While the kids are getting out of the sewers, they get lost, and the ka-tet begins to break down. So as both a literal and symbolic way to link them, and move them from childhood to adulthood, Bev has sex with each boy. It's all framed from Bev's perspective as she holds the adult/dead Eddie. I suppose it's as tasteful as it can possibly be, with eroticism taken out of it. It's still not a comfortable read, even if child Bev is fine with it.

The only, ONLY thing I can say, again, is that King was really deep into his drug and alcohol abuse at this point. That's the only reason this probably seem viable. How and why the editor let it go I'll never know. I really don't want to research into this a lot further.

I will say that as a child the same age reading this book for the first time, I osculated between a few reactions: confusion (I'd only had a little sex ed), some revulsion (not that they were kids, but that they were having sex at all: the same way I'd felt during the adult scenes), and some curiosity. It's been almost 20 years since my first readthrough, and that's what stuck with me. Yaaaaay.

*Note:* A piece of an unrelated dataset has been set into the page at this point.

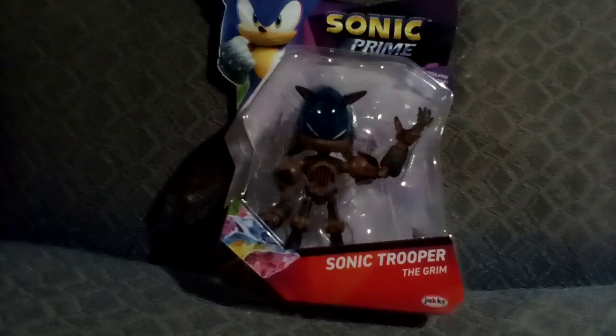Yes, this just arrived. I just got this off of Amazon because they didn't actually have the other ones on there, but at least it's good. Let me fix the packaging for this. We have Sonic Trooper from The Grim — this is from Wave 4. It's one of those robot thingies in Season 3.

On to easier things: above ground the destruction continues as the town dies with IT, the standpipe falling over at nearly the climax. Below, Bill and Ritchie find it, and Bill reaches into a hole and squeezes IT's heart until it explodes.


There's a lot more of them struggling above ground, and everything above ground going to shit (ending with the streets collapsing into the canal, and a lot more people dying) but we've reached the climax. They take the still alove but catatonic Audra and flee to the surface.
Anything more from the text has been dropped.